One former Pillsbury partner said he thought the merger would help it “compete with firms that have thousands of people across the world and to attract the blue-chip clients.”

Financially, the two seem fairly well matched. Pillsbury’s revenue per lawyer was $920,000 last year, better than Orrick’s $885,000. But Orrick has restructured its partnership in recent years, and today counts just 12 percent of its lawyers as equity partners, compared to 26 percent over at Pillsbury. That allows Orrick to calculate profits per partner of $1.63 million, well above Pillsbury’s $1.1 million.

That math could make existing Pillsbury partners worry that one order of business for the combined firm would be improving Pillsbury’s leverage by de-equitizing partners or taking other steps to improve profits. They’ll be watching carefully as details of the deal are rolled out.

Gerald George, a partner at Davis Wright Tremaine and former of counsel at Pillsbury, said partners there are probably feeling anxious. “If they aren’t checking out their other opportunities, they’re idiots,” he said. “You just have to protect yourself, so you have a place to jump if you need to jump.”

Legal recruiter Larry Watanabe said he’s been fielding calls from partners at both firms with “concerns about the unknown.”

The deal already has detractors. “It’s very much an acquisition” of a firm “sliding into obsolescence,” said one expert on the legal marketplace who is familiar with both firms but not authorized to speak about the merger. Tying up with Pillsbury does nothing for Orrick, this person said: “It brings them more deadweight in more deadweight markets,” and creates conflicts in places like S.F. and shifts weight to the West Coast, “rather to where it should be centering, which is New York, London and Hong Kong.” The combined firm, this person said, will need to shed less productive partners and practices in Sacramento, Orange County and San Diego.

THE PRACTICES

But interest in the deal, for both firms, is clearly driven by other points on the map. A source close to the deal says Orrick is interested in Pillsbury’s energy practice, with clients like Chevron, NextEra, Duke Energy, General Atomics, Emerson Energy, Mitsubishi, Dynergy, Tesoro and Brookfield. Pillsbury has a strong natural gas practice in Houston, a team in Abu Dhabi and an energy debt capital markets practice in New York. Pillsbury also has a strong nuclear energy practice.
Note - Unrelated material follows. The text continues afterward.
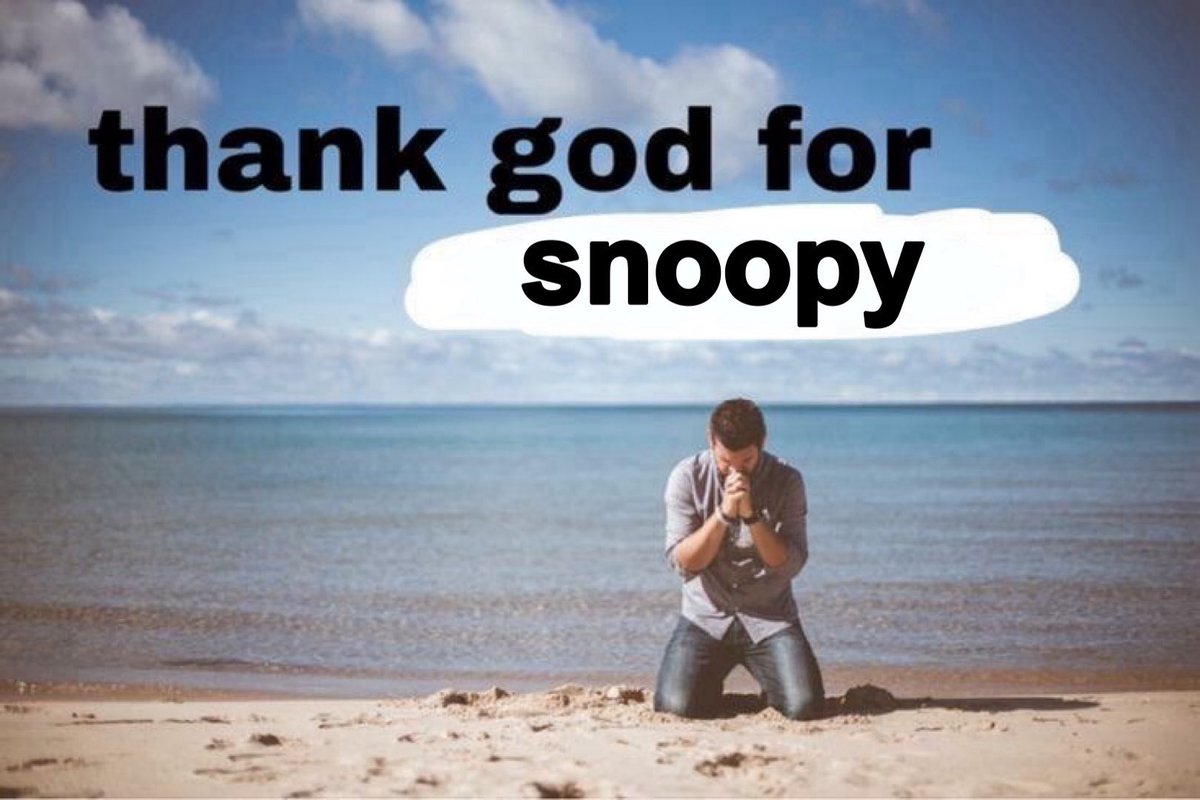 snoopy lover tweet media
On Pillsbury’s side, a source close to the deal said the firm sees a chance to gain in energy with Orrick’s presence in Northern Africa, and also sees a complementary strength in Orrick’s renewable energy practice.
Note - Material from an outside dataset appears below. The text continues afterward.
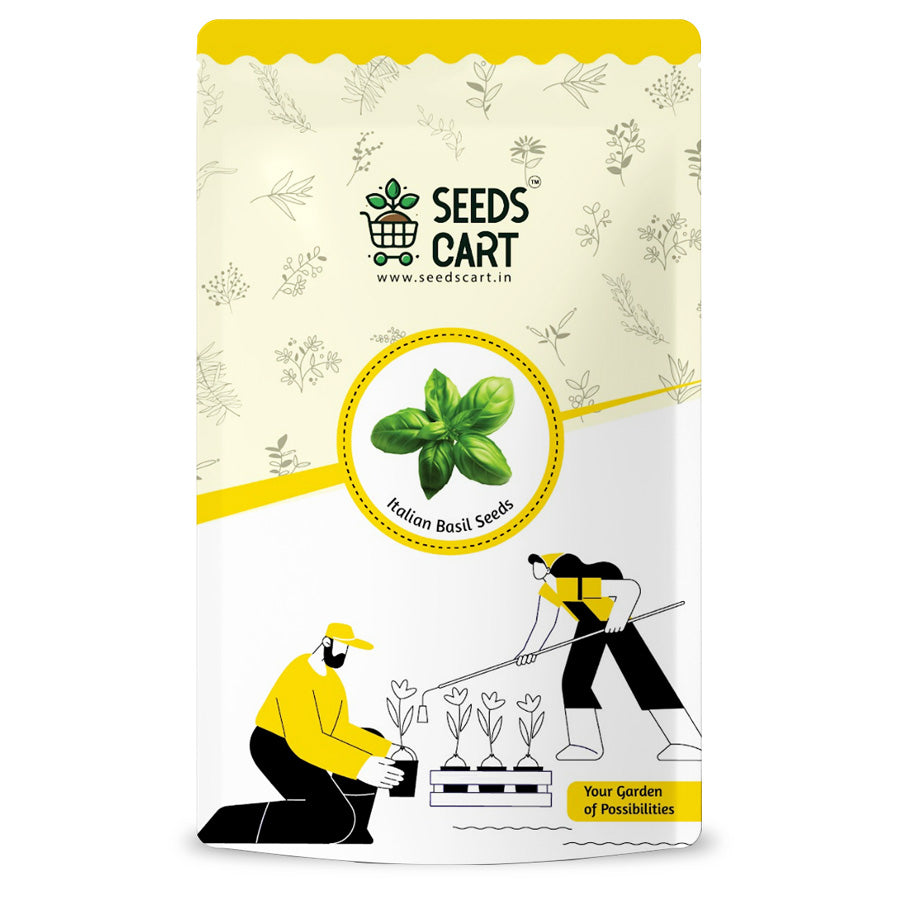 Italian Basil Seeds — seed packet | Buy herb seeds online India | SeedsCart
In financial services, the two firms see an opportunity to strengthen relations with existing clients like Wells Fargo, BNP Paribas/Bank of the West, BNY Mellon, Morgan Stanley, Deutsche Bank, BofA, JPMC, Goldman and Citbank.

Also a draw for Orrick’s securities litigation and regulatory practice is Pillsbury’s strength in D.C.

In intellectual property, Orrick likes Pillsbury’s Northern Virginia office, its life science clients in San Diego and a client list that includes Intel, Apple, Toshiba, eBay, Kabam, Medtronic, Xerox, Astra Zeneca and Merck.

Pillsbury likes Orrick’s strength in bet-the-company litigation, pointing to a string of IP litigation wins and its top-shelf appellate practice.

Finally, both firms like the other’s positions in emerging companies and venture capital representation.

Partners at the Valley’s tech-focused firms don’t think the combination will impress a lot of local tech clients.

Jake Handy, a partner in Fenwick’s San Francisco office, said the reason the Valley firms get the work they do “is because of the attorneys and relationships. I don’t think a merger is really going to affect that. The platform helps, for sure.” But clients are hiring individual lawyers for their expertise, he says, “except for those big-ticket things [where] you need a lot of bodies.”

A partner at another firm agreed. They both had the opportunity to be big tech players—they’ve been here during the boom and the busts, they’re both historical firms here—and they missed it.”

But, from Orrick and Pillsbury’s perspective, the possible deal doesn’t seem to be about winning more local clients, as much as it is about bulking up and defining flagship practice areas.

There, said legal consultant Zeughauser, “size is a significant factor in brand recognition—and even brand quality.”